The UK-based media holding company – which counts over 200 pubs in its portfolio, including Tom’s Guide, Marie Claire, PC Gamer and Guitar World – launched a new suite of services today called Future Elevate. The offering aims to help third-party publishers earn more ad revenue.
In recent years, Future licensed an older version of the product to third-party publisher partners, in addition to using it for its own portfolio, said Nicholas Flood, director of global ad product and revenue operations. The underlying tech was built using the RAMP ad tech stack Future inherited after acquiring publisher ad network Purch’s consumer business in 2018.
But Future Elevate is a risky bet. Other major publishers, such as The Washington Post and Vox Media, have had spotty records offering similar services, ending with discontinued third-party offerings.
But Future believes it has a few differentiators in its favor, Flood said.
Keeping it premium
First, it’s betting on its own track record using the programmatic tech the product was built on, plus the years of institutional monetization experience it added through the Purch deal. It’s also banking on its ability to bring incremental programmatic demand to publishers that might not have the sales teams or programmatic know-how to access it.
But Future is also keeping its expectations in check and setting realistic – rather than overly ambitious – goals, Flood added. “I don’t want 1,000 clients,” he said. “That’d be lovely, but that’s not the game we’re playing.”
Future has kept its circle of clients tight in the pre-launch phase. Thus far, fewer than 10 third-party publishers have used Elevate, Flood said.
And the company intends to continue being picky about who it partners with now that the solution is generally available.
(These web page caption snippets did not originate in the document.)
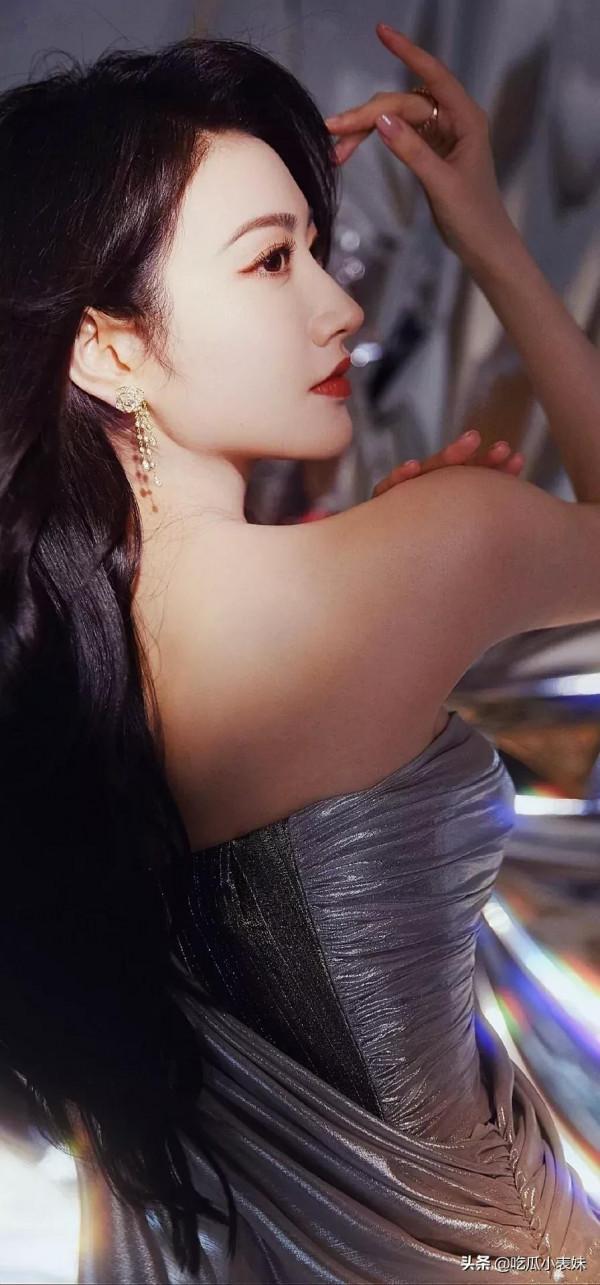 景甜，膚白貌美，恬靜如水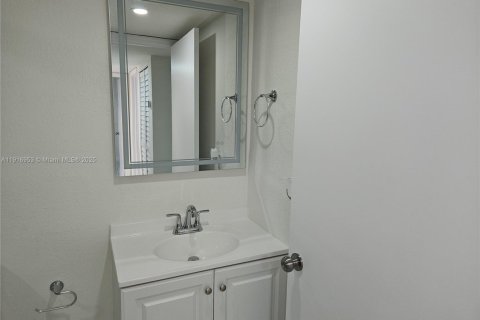 Condo in Miami, Florida, 3 bedrooms № 1974453 - photo 24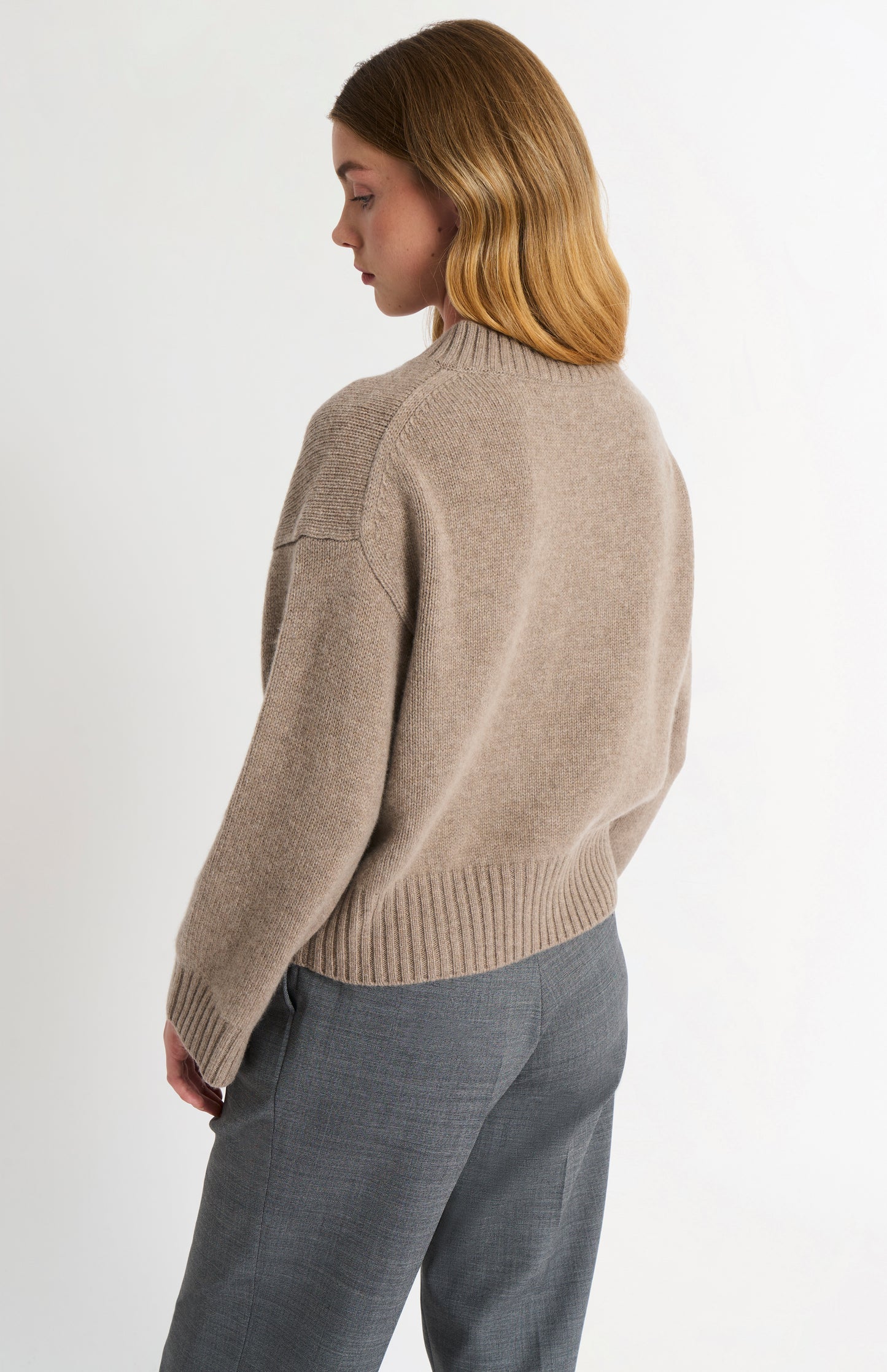 Women's V-neck Chunky Cashmere Jumper In Mushroom Melange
“We’re after premium publishers that have great content written by humans in brand-safe environments that our partners would want to monetize,” he said. As far as audience scale, Future is looking at publishers in the range of 2 to 10 million monthly active users. Smaller publishers need not apply.
What’s in the suite?
Publishers that adopt Elevate will receive Future’s service in audience growth, ad revenue growth, operational efficiency and guidance on regulations like GDPR (which it has experience navigating in its EU-based portfolio) and US state privacy laws.
The audience growth piece is a consultative service based on the publisher’s preference for how they’d like to grow, Flood said. But Future is not interested in pursuing it through paid traffic sources, he added, which isn’t surprising, considering the MFA scare has given paid traffic a bad name.
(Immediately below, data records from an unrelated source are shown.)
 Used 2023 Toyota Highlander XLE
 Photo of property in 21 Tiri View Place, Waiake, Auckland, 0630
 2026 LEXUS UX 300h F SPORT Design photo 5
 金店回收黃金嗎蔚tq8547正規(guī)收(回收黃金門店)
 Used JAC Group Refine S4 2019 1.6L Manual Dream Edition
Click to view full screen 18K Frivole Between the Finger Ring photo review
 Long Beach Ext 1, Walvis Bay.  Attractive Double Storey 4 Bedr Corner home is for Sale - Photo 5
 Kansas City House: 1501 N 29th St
On the ad revenue side, Future brings to bear its Hybrid ad tech platform, which was built using Purch’s RAMP tech. It includes header-bidding optimization and features for boosting yield from display and affiliate inventory.
“What we’re particularly good at is driving revenue through placement of ads and promoting best practices to [publishers] that don’t have the skill set or staff to deliver that,” Flood said.
For example, Future is constantly running tests on its owned and operated properties to assess the impacts of ad load and placement on revenue lift and page load latency, Flood said. Those findings can inform optimization decisions for third-party pubs.
And Future can enrich those findings with behavioral data derived from its audience data platform, which is dubbed Aperture.
Scaling up
The integrations also span both creative and, soon, alternative IDs. The high-performance ad formats Future uses on its own sites – such as homepage takeover units – can run on its partners’ sites.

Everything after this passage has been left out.